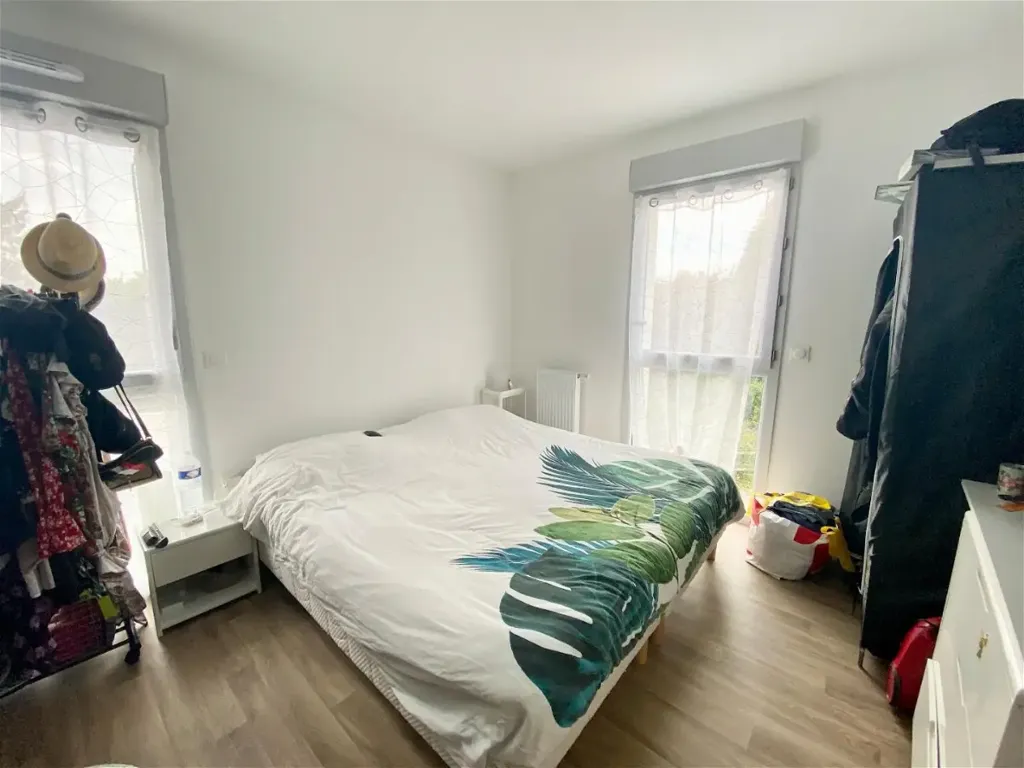 Appartement 3 pièces à Tours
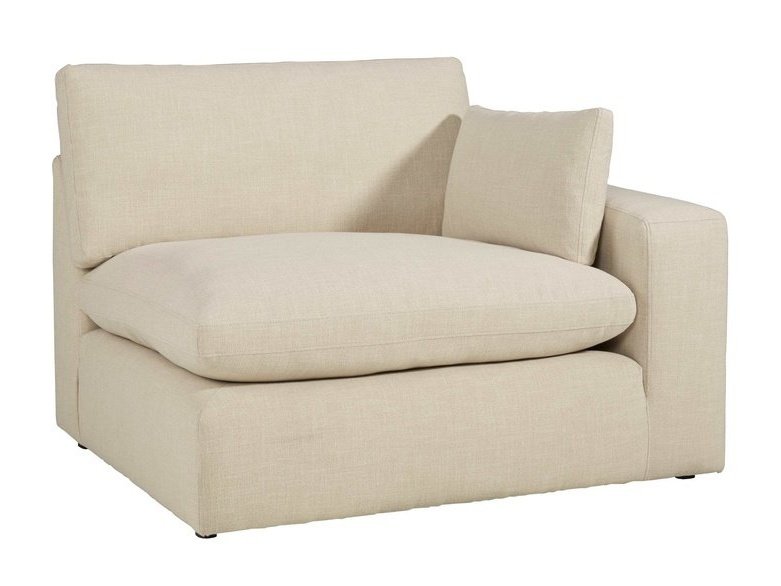 Elyza Linen Modular Sectional Units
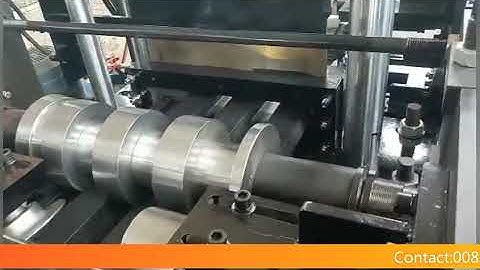 【zhongtuo 】Wall cladding metal rolling forming machine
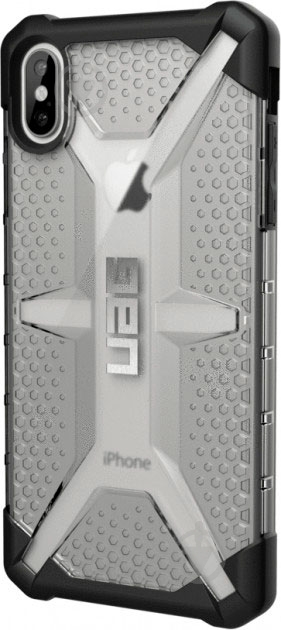 Чехол UAG plasma 111103114343 для Apple iPhone XS Max - фото 3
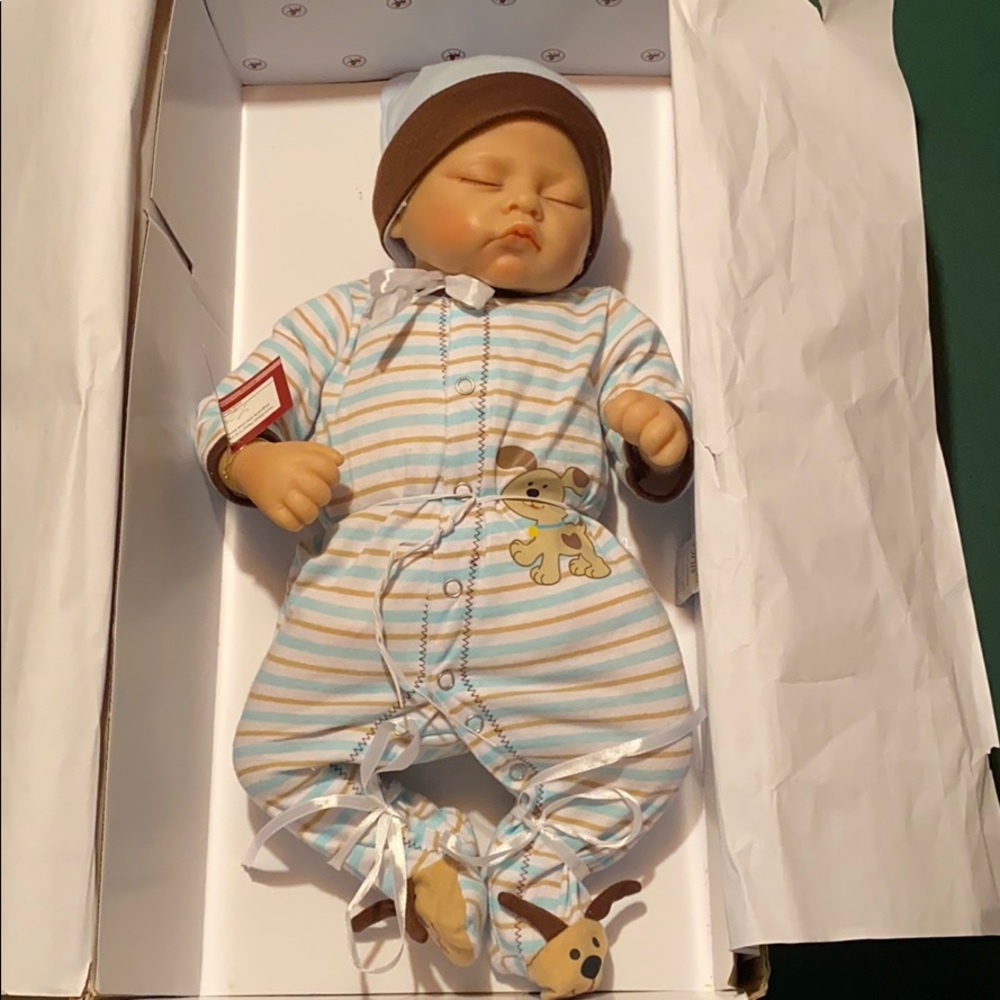 ashton drake sweet dreams danny reborn doll
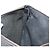 Borsa a mano in pelle nera GUCCI 500981 Auth BSZ359 Nero - vista 11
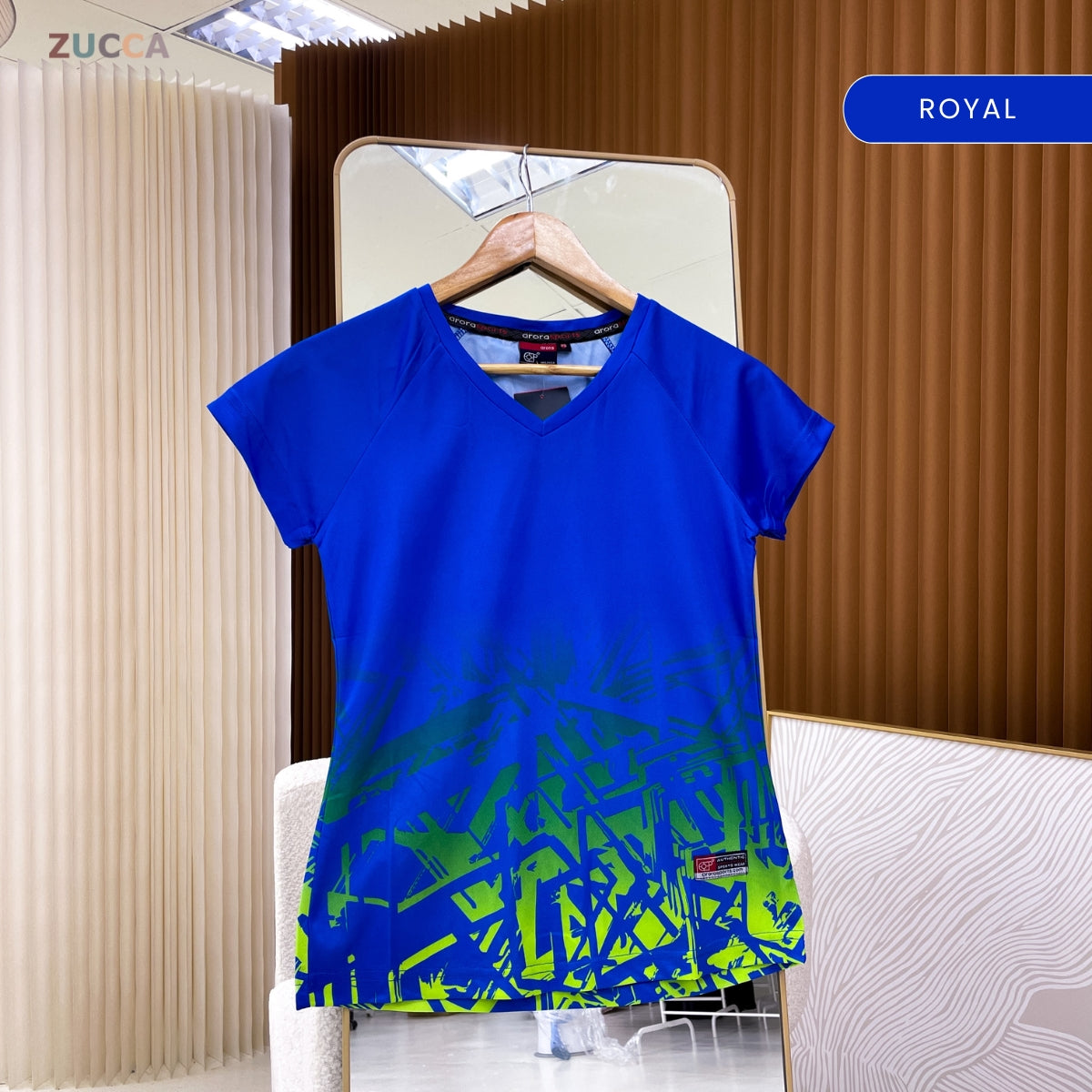 ZUCCA RYNA WOMEN SPORT WEAR LONG SLEEVE - MS013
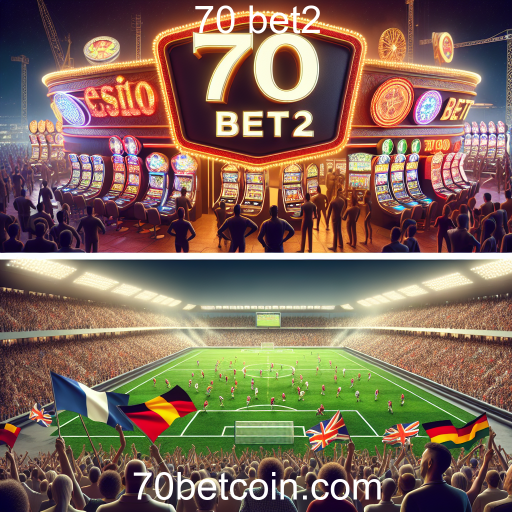 Aposte no Futuro: O Mundo das Apostas em Futebol na 70 bet2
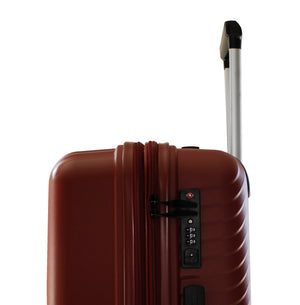 Maleta de viaje chica de 10kg, 20 pulgadas, con candado TSA - Mont2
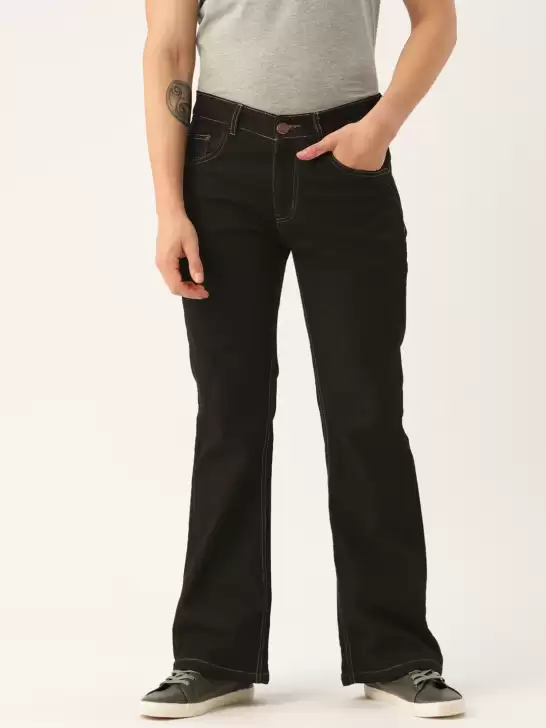 Men Bootcut Jeans - image 6
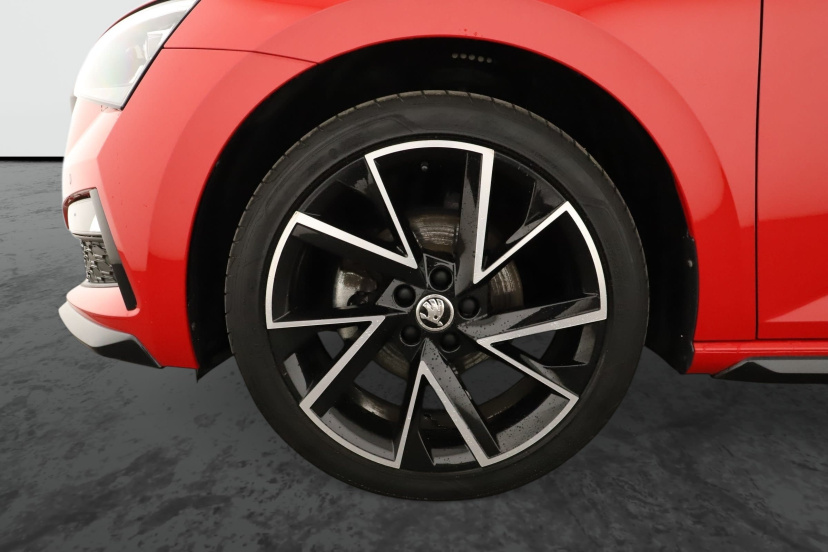 Škoda Scala, 2021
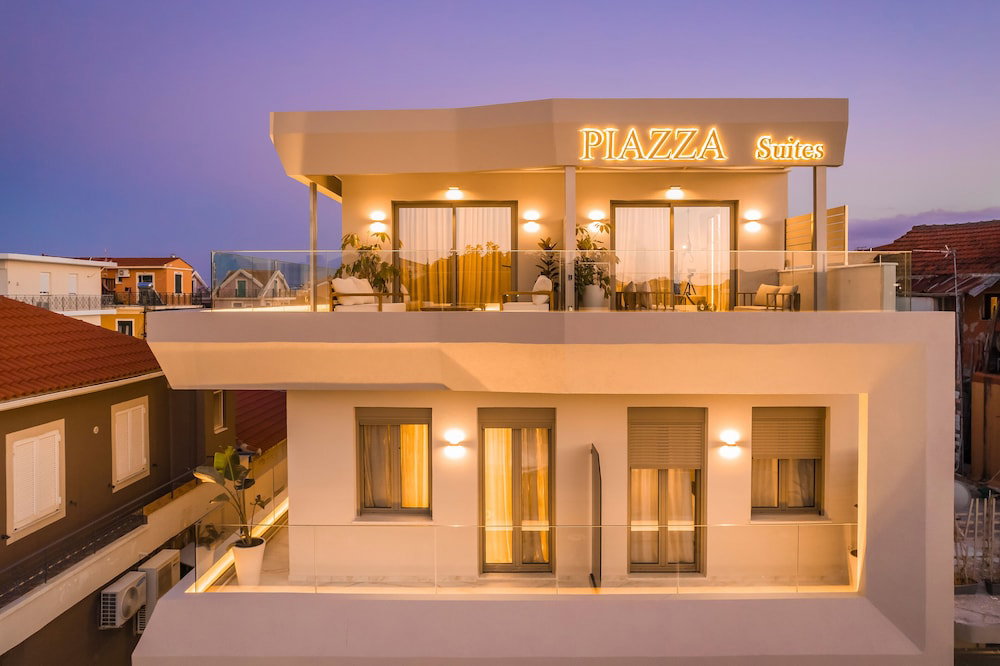 Hotel Piazza Suites
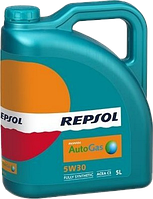Масло моторное 5W-30 GAS 5л REPSOL AUTO GAS CP-5 / RP033L55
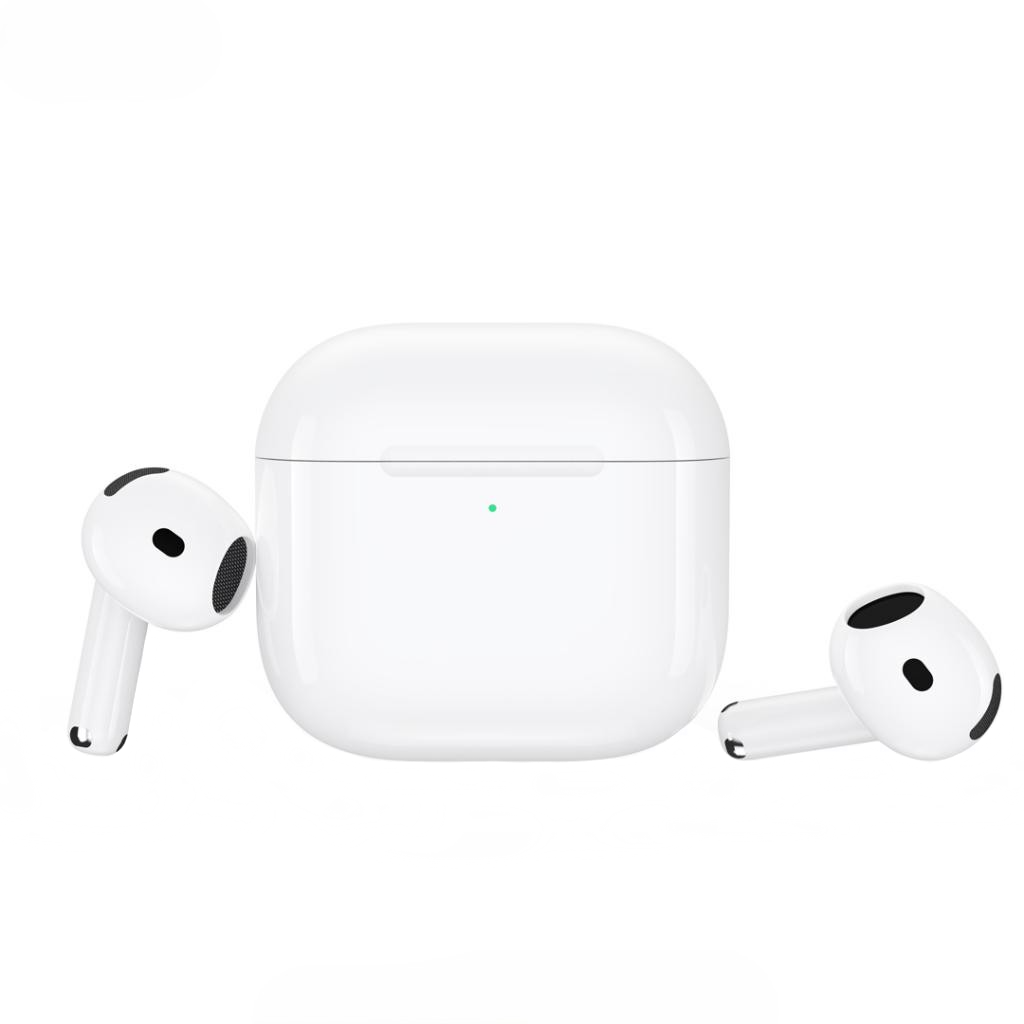 Bluetooth-håndfri XO Design Q7 Pods, TWS, ANC, Hvid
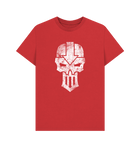 Red Iron Warriors Battleworn Insignia T Shirt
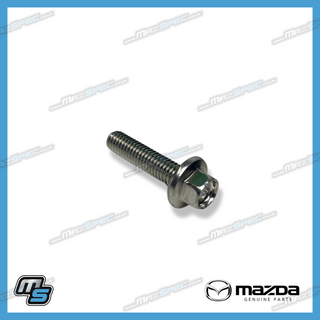 Genuine Water Pump Fastener / Bolt - Mazda MX5 MK3 3.5 3.75 / NC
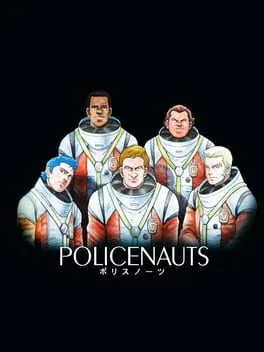 Policenauts [PlayStation The Best] (PS1)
● ● ● ● ●
→ **WHAT THE TASK ASKS**
Beginning with the line containing "Bluetooth-håndfri XO Design" and ending with the last line of the data, output those lines exactly and nothing more. Omit every picture.

→ **RESPONSE AREA**
 Bluetooth-håndfri XO Design Q7 Pods, TWS, ANC, Hvid
 Red Iron Warriors Battleworn Insignia T Shirt
 Genuine Water Pump Fastener / Bolt - Mazda MX5 MK3 3.5 3.75 / NC
 Policenauts [PlayStation The Best] (PS1)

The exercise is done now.